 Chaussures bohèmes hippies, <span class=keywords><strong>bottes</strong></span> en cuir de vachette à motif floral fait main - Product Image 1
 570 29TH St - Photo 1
* * *
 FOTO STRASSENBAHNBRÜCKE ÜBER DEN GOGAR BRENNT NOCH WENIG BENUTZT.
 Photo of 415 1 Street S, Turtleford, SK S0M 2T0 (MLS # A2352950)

* What you are asked to do
Repeat, exactly as they stand above, the lines from the line with "FOTO STRASSENBAHNBRÜCKE ÜBER" to the line with "Photo of 415", both lines included.

* Written answer
 FOTO STRASSENBAHNBRÜCKE ÜBER DEN GOGAR BRENNT NOCH WENIG BENUTZT.
 Photo of 415 1 Street S, Turtleford, SK S0M 2T0 (MLS # A2352950)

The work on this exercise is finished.